For our 2009 Spring menu we are making a Green Garlic Vinaigrette and serving it with Rosemary and Seed Crusted Lamb Loin. Vinaigrettes are a refreshing accompaniment to meat as the weather gets warmer and we don’t need a “hot” sauce made from roasting and simmering bones for hours and hours.

Green Garlic Vinaigrette
Chef Bruce Lefebvre. The Frog and The Peach

2 oz chopped raw green garlic (white part)
1 oz chopped green garlic (greener part)
2 T green garlic puree (tops, blanched in hot water, cooled in ice water and blended with ice and 4T olive oil)
3 ea lemons, juiced
2 ea canned anchovies, minced
1T Dijon mustard
¼ C white balsamic vinegar
1.5 cup olive oil

1. Sauté the white part of the garlic in 2 T olive oil
2. Combine all ingredients except oil in a bowl.
3. Pour in the olive oil and stir with a whisk to combine well.
4. Store in refrigerator for up to 1 month.

Dining out with a restaurateur: What’s the measure?

Recently Jim and I had dinner with new friends at a restaurant near our house in Merida, Yucatan, Mexico.

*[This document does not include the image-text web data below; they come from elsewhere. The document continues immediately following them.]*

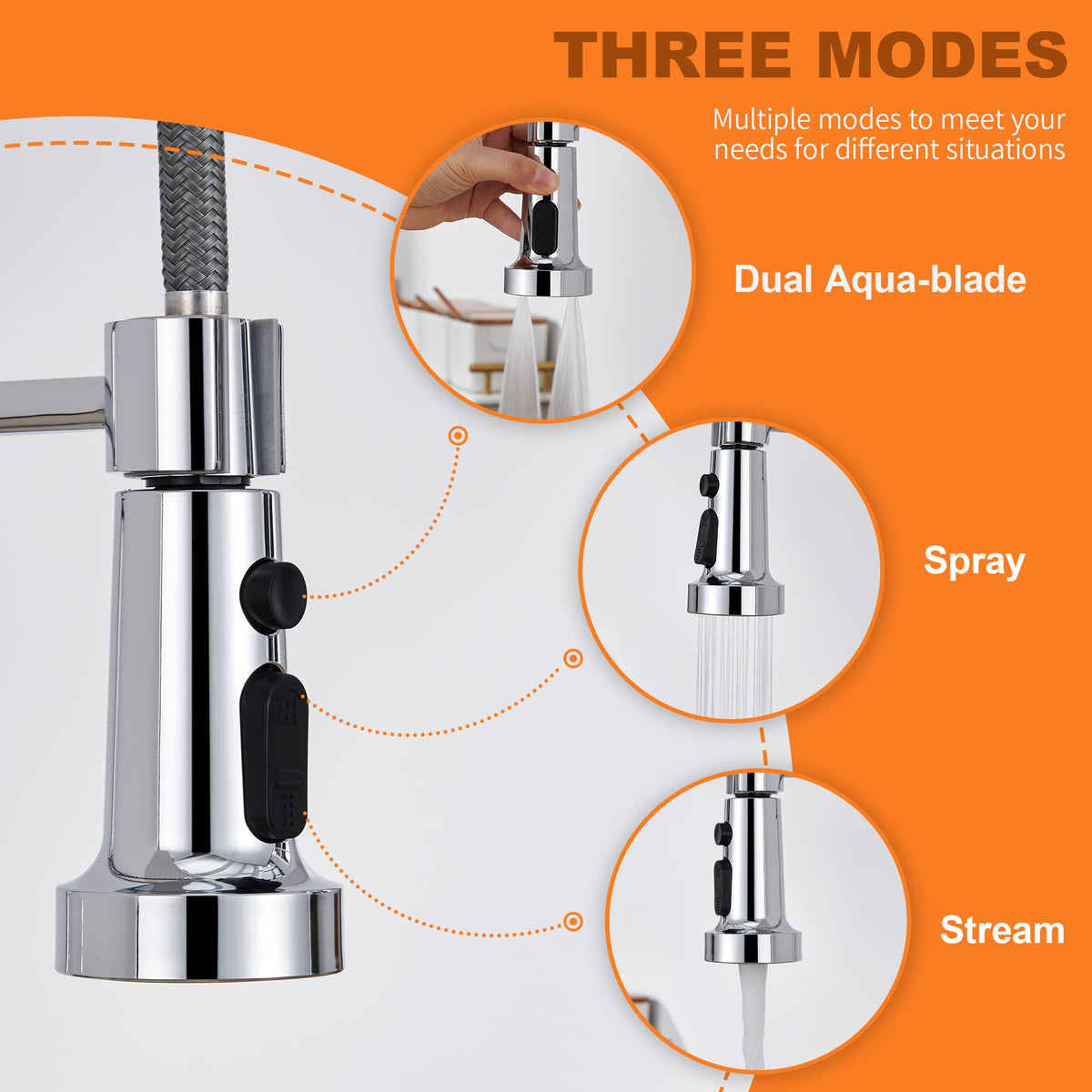 TIORIY brushed nickel finish faucet head blends with modern kitchens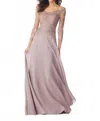Mgny Beaded Embroidery On Net Chiffon Gown In Dusty Rose In Multi
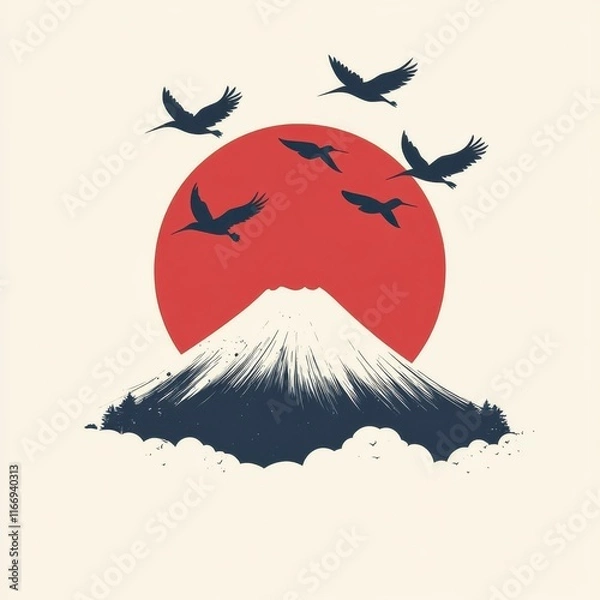 Obraz A serene illustration of a mountain with birds flying against a red sun in a tranquil setting.
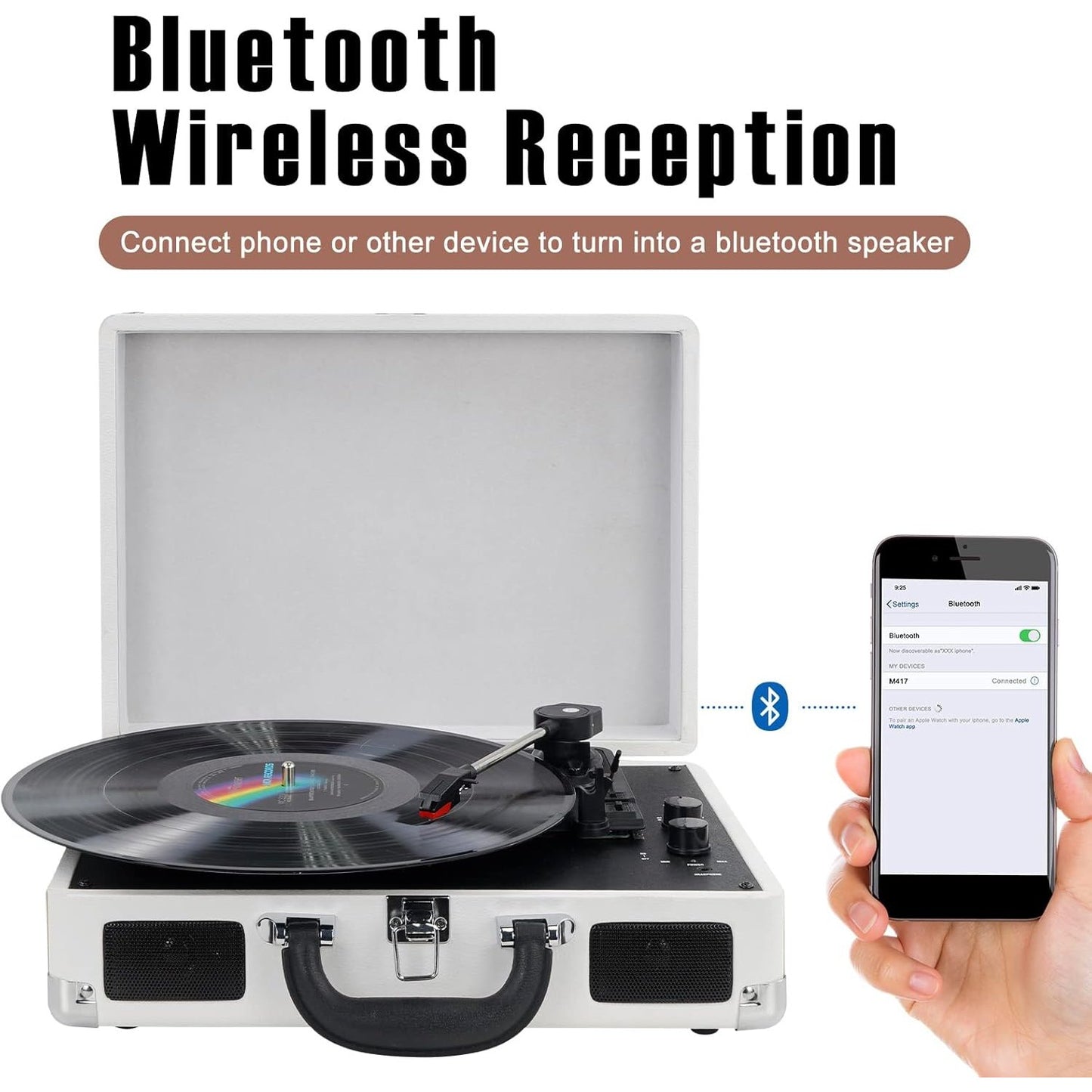 Suitcase - Vintage 3-Speed Bluetooth Vinyl Record Player with Built-in Speakers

We have this lovely old colonial home in the Mejorada neighborhood and decided to dine close to the casa at a Spanish restaurant facing the park; Meson Segoviano, Opting for the room without the florescent tube lighting (“but it’s air conditioned” the accommodating proprietor pointed out). “Ambiance matters” was probably a red- flag to our new friends that dining out with people who own an upscale restaurant might be an adventure….. with the jury out as to whether that’s a good thing or a bad thing. Who wants to end up dining with demanding jerks who criticize every taste, smell and detail because it’s not how it is at their own place.

I am used to dining with people I know where it’s usually, “please Betsy pick the wine,” or “you’re in the business you figure out how to divide the check’ (being a restaurateur does not mean your math skills are any more honed than the general public!). My friend Liz and I laugh when I once again correct her; “He’s the busser you don’t ask him what the specials are, wait for our server.” Other than those little “being the expert things,” I’m just like everyone else. I’m pretty easy to satisfy, will eat just about anything and am not a food and wine snob. These seasoned friends know that I don’t measure every other eatery against The Frog and The Peach.

So back to dinner with our new friends. There were 5 of us. The two other women and I opted for the pork specialty (3+ required to have this menu item) and were delighted with our ½ a little piggy head and all with crispy skin, extra tender super succulent meat in a somewhat greasy but who cares it tasted fabulous jus, and some bones big enough to see to avoid and if too small by this time we were friends enough to spit them out without anyone being offended. It was great! We were loving it! My new friend Robin popped the question about my take on the restaurant. My response was that my evaluation on a place is if I get what the concept is, what they are out to achieve, and think they are doing a good job at it, it seems to gel, then I am happy. I was indeed happy. Robin thought this was a good way to look at it; a healthy approach. Glad to get that out on the table, I believe we set the stage for many a memorable dining experience at any dive on any corner, any haute cuisine restaurant, or any place in between.

The Menu

The Menu. Cocina Economica calle 48 y 55.

About Merida dining: I would indeed starve to death in Merida if I snootily expected every restaurant to be like the F&P! I would be terribly disappointed if I used the F&P as the yard stick by which to measure every cocina economica, café and restaurant in town. That I don’t allows me to thoroughly enjoy Taco del Pastor  at Santiago Park, Arabe Taco (not sure I could find it again), Hamburgusea from the street cart vendor by Santa Lucia park, and panuchos at the cocina economica across the street from my house. Dining with a restaurateur need not be an exercise in how high into the air one can stick their nose. I can and do lick my fingers!